Дау расспрашивал нас о старинной архитектуре церквей в Кижах, интересовался, понравилась ли нам Карелия. Мы с Аней взахлёб рассказывали о нашем путешествии – про берёзовые рощи на фоне голубых озёр, про водопад Кивач, который, как говорят, считается копией Ниагарского водопада в миниатюре, про путешествие по реке среди высочайших камней, про смешной эпизод, который произошёл с нами на пароходе. Уезжая из Ленинграда, Аня забыла приготовить в лаборатории аппарат для опытов и решила послать с парохода извинительную телеграмму. Текст был таков: «Прибор не готов, воздух не заказан». Нас тут же отвели в каюту и попросили подождать. В каюте мы просидели долго, пока выясняли, кто мы такие и не послали ли мы какую-то шифровку. Дау очень веселился по этому поводу. Остроумный, лёгкий, великолепно понимающий юмор и сам любивший пошутить, он выделялся среди окружающих.

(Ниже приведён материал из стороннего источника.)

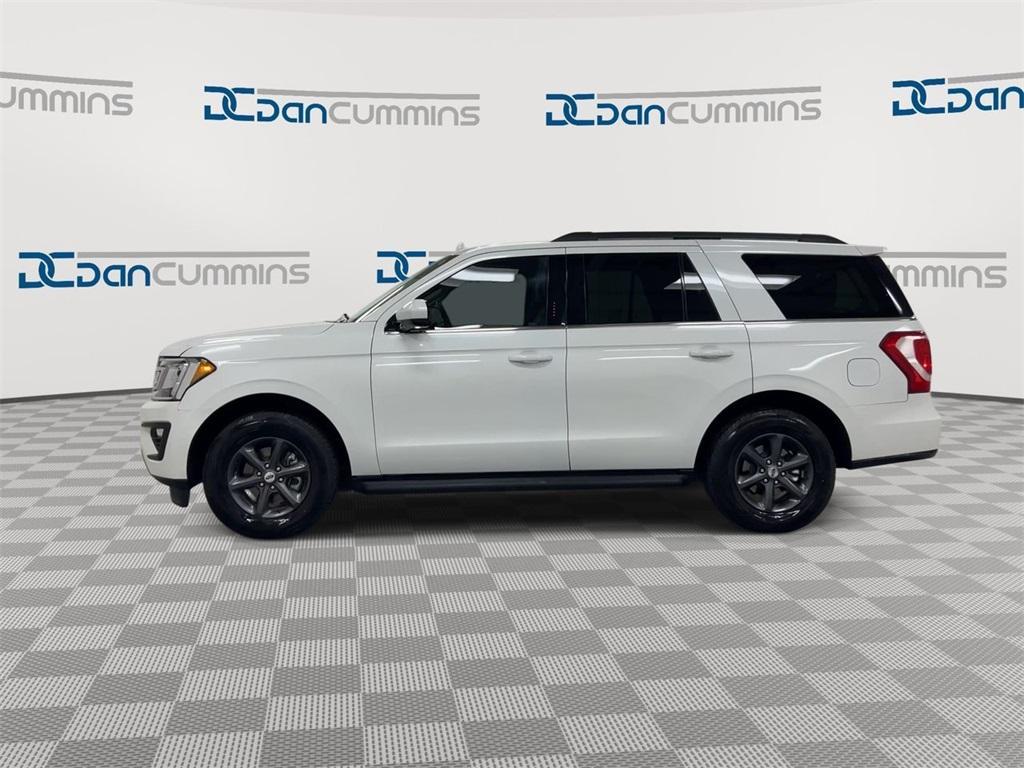 used 2021 Ford Expedition car, priced at $36,587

На следующий день нашего знакомства мы отправились с ним на прогулку в горы. Разговаривать в горах полагалось только шёпотом, так как в ущелье был такой резонанс, что случались от этого обвалы. Дау смешил меня, показывая руками и ногами, куда надо идти. Ноги у него были длинные, и он как-то особенно ловко выделывал разные кренделя. Он веселился как мальчишка. Я не выдержала и громко засмеялась. Сразу же отозвалось эхо, которое всё усиливалось и усиливалось, и где-то далеко действительно начался обвал камней. От страху я не могла шагнуть. Я знала, чем это грозит для людей, и безумно перепугалась. Дау сразу стал взрослым и серьёзным. Мы долго стояли и смотрели друг на друга, потом молча побрели обратно. Всю дорогу он крепко держал меня за руку, и ни я, ни он не сказали ни слова, только изредка Дау взглядывал на меня укоряюще и строго. Когда мы выбрались из ущелья, Дау сказал: «Ну, пойдёмте на базу, узнаем, каковы размеры катастрофы». Когда мы пришли, я сразу же отправилась к себе, легла на свою раскладушку и как провинившийся щенок стала ждать наказания. Пришла Анечка, побывавшая на аппатитовых разработках, и стала шумно делиться своими впечатлениями от встречи с академиком Ферсманом. Она умела увлечь своими рассказами любого человека, но на сей раз я почти не понимала, о чём она говорит. Я всё ждала от неё известий о случившейся катастрофе в горах. Но оказалось, что она ничего не слышала.